:: ASSIGNED TASK ::
From the line that contains "It also gives" to the final line below, both included, print each line exactly and skip the pictures.

:: COLLECTED DATA ::
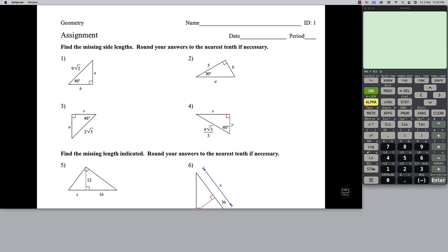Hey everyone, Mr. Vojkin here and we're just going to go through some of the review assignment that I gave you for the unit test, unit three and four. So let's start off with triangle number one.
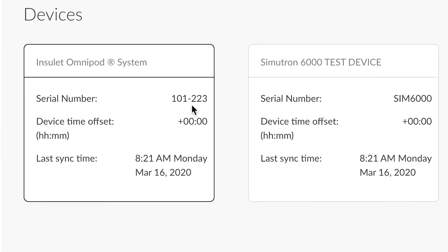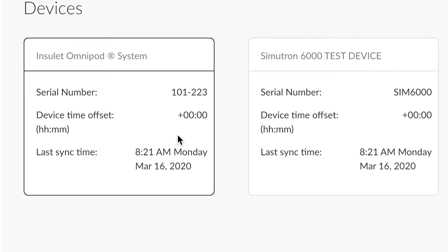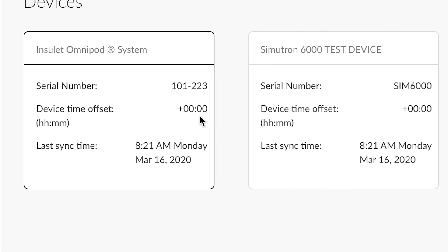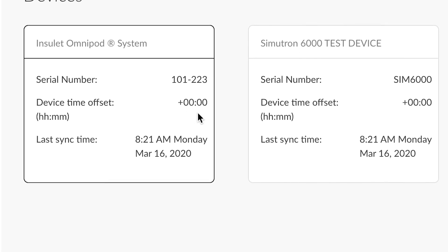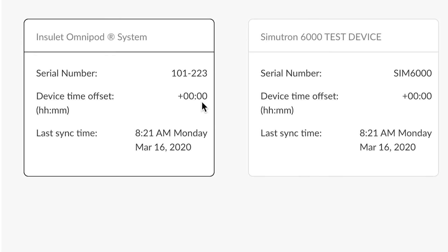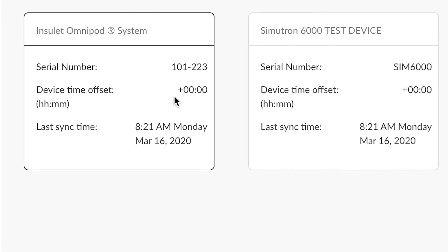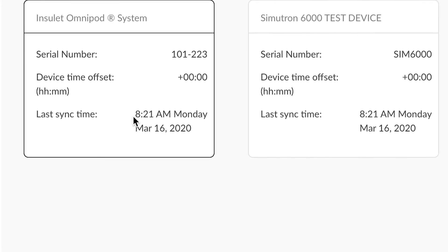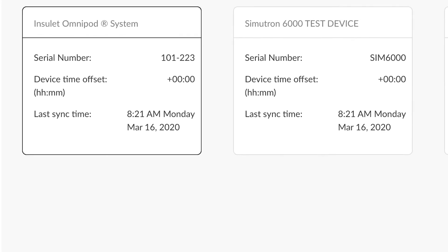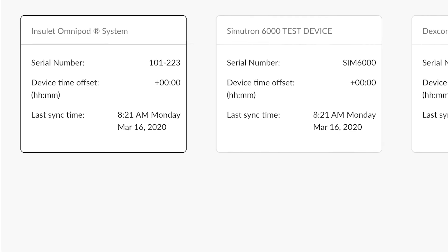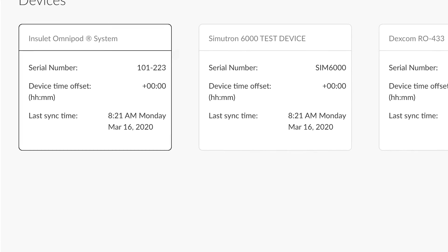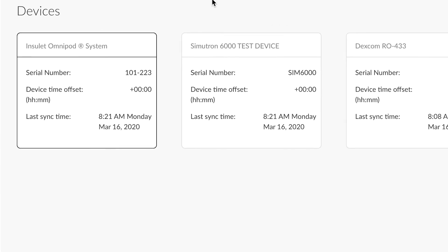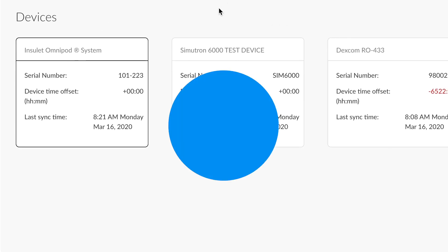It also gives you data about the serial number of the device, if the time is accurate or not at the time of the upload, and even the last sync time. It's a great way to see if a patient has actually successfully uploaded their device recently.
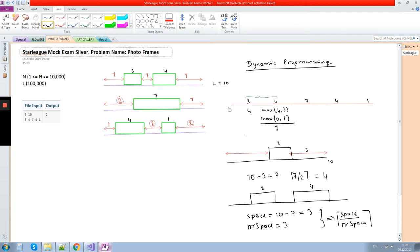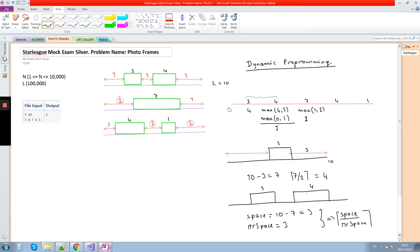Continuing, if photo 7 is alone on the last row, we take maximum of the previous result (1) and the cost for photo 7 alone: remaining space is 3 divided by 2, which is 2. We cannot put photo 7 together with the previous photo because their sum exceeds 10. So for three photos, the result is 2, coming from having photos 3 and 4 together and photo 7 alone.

:: WORKED SOLUTION ::
It also gives you data about the serial number of the device, if the time is accurate or not at the time of the upload, and even the last sync time. It's a great way to see if a patient has actually successfully uploaded their device recently.
Continuing, if photo 7 is alone on the last row, we take maximum of the previous result (1) and the cost for photo 7 alone: remaining space is 3 divided by 2, which is 2. We cannot put photo 7 together with the previous photo because their sum exceeds 10. So for three photos, the result is 2, coming from having photos 3 and 4 together and photo 7 alone.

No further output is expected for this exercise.